Comment 2 Jakub Jelinek 2019-12-11 09:58:25 UTC
In particular, reverting the:
--- gcc/config/i386/i386.md	2019-12-11 10:48:51.787820841 +0100
+++ gcc/config/i386/i386.md	2019-12-09 19:50:24.604955118 +0100
@@ -9223,10 +9223,10 @@
 })
 
 (define_insn "*<code><mode>_1"
-  [(set (match_operand:SWI248 0 "nonimmediate_operand" "=r,rm")
+  [(set (match_operand:SWI248 0 "nonimmediate_operand" "=rm,r")
 	(any_or:SWI248
 	 (match_operand:SWI248 1 "nonimmediate_operand" "%0,0")
-	 (match_operand:SWI248 2 "<general_operand>" "<g>,r<i>")))
+	 (match_operand:SWI248 2 "<general_operand>" "r<i>,m")))
    (clobber (reg:CC FLAGS_REG))]
   "ix86_binary_operator_ok (<CODE>, <MODE>mode, operands)"
   "<logic>{<imodesuffix>}\t{%2, %0|%0, %2}"

change fixes it.  I admit I have no idea why.  It is true that the operands are commutative, so RA can choose whether to put the constant or what used to be in xmm0 into the destination register, previously it chose what results in better code by putting the constant into the instruction and xmm0 moved into a GPR, now it spills xmm0 instead, puts the constant into the destination register and uses a memory operand.  The above mentioned commit changed this for commutative operands in several spots.
Comment 3 Jakub Jelinek 2019-12-11 11:14:38 UTC
Note, it isn't about <g>, using r<i>m in the first alternative of the reverted define_insn works well too, as well as swapping the alternatives (that is in that case basically what the trunk has, except in the second alternative the second input is r<i>m instead of m.  If the second alternative of second input is <i>m,
it works the same as current trunk (unnecessary spill), if it is rm, it works well.
Now, no idea if this isn't a bug in LRA or if there are some rules that the seemingly redundant constraints actually aren't redundant.
Comment 4 Alexander Monakov 2019-12-11 13:09:35 UTC
Perhaps only xmm0 is problematic, as making xmm0 unused by adding a dummy argument brings back the old spill-free result:

float my_copysign(float dummy, float x, float y)
{
    union {float f; unsigned i;} ux = {x}, uy ={y};
    ux.i &= 0x7fffffff;
    ux.i |= 0x80000000 & uy.i;
    return ux.f;
}

float f(float dummy, float x)
{
    union {float f; unsigned i;} u = {x};
    u.i |= 0x80000000;
    return u.f;
}
Comment 5 Vladimir Makarov 2019-12-18 19:13:24 UTC
(In reply to Jakub Jelinek from comment #3)
> Note, it isn't about <g>, using r<i>m in the first alternative of the
> reverted define_insn works well too, as well as swapping the alternatives
> (that is in that case basically what the trunk has, except in the second
> alternative the second input is r<i>m instead of m.  If the second
> alternative of second input is <i>m,
> it works the same as current trunk (unnecessary spill), if it is rm, it
> works well.
> Now, no idea if this isn't a bug in LRA or if there are some rules that the
> seemingly redundant constraints actually aren't redundant.

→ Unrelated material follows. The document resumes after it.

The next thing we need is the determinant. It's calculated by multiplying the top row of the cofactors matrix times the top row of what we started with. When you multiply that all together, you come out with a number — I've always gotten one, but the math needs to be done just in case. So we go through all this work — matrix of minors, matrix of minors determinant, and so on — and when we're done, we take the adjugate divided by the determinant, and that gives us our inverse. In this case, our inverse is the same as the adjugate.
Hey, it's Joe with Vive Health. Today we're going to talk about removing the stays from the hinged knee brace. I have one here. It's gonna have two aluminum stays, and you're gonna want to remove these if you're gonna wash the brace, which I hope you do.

The culprit is 'g' vs 'm'.  When we have 'g' matching pseudo assigned to hard register, LRA ignores memory in 'g' when considering preferred_reload_class.

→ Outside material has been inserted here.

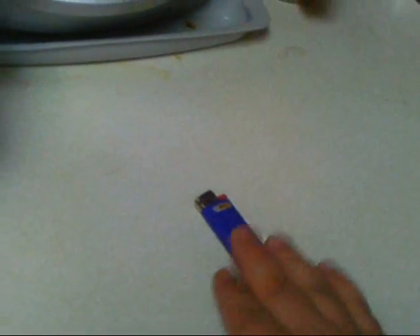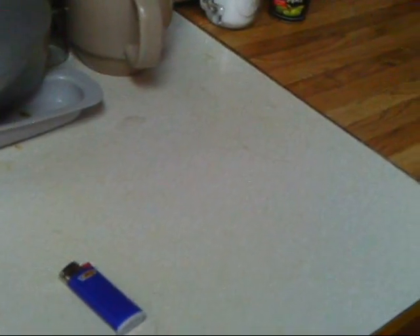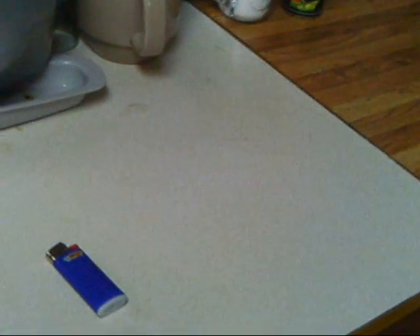First off, I would have liked to bring a Swedish fire steel to make fire, but I don't have one in my personal collection right now, so a Bic lighter will have to do. I prefer a Bic because it lasts longer and is more reliable than the cheap ones. I prefer the full size, but I don't have one handy. So that would be number one.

Reload also treats such situation in analogous way.  And actually LRA adapted the reload code.

So I can try to solve this PR.  But it will take some time.  Mostly any patch in this sensitive area should be tested and benchmarked well.
Comment 6 Vladimir Makarov 2019-12-19 22:00:24 UTC
Author: vmakarov
Date: Thu Dec 19 21:59:47 2019
New Revision: 279596

URL: https://gcc.gnu.org/viewcvs?rev=279596&root=gcc&view=rev
Log:
2019-12-19  Vladimir Makarov  <vmakarov@redhat.com>

	PR target/92905
	* lra-constraints.c (process_alt_operands): Check offmemok when
	processing preferred_reload_class.

2019-12-19  Vladimir Makarov  <vmakarov@redhat.com>

	PR target/92905
	* gcc.target/i386/pr92905.c: New test.


Added:
    trunk/gcc/testsuite/gcc.target/i386/pr92905.c
Modified:
    trunk/gcc/ChangeLog
    trunk/gcc/lra-constraints.c
    trunk/gcc/testsuite/ChangeLog
Comment 7 Jakub Jelinek 2019-12-19 23:05:53 UTC
Fixed, thanks.
Comment 8 Alexander Monakov 2019-12-21 15:06:36 UTC
(In reply to Alexander Monakov from comment #0)
> Eventually it would be nicer to use SSE bitwise operations for this, for
> example LLVM already generates
> f:
>         orps    .LCPI0_0(%rip), %xmm0

This is now reported separately as PR 93039.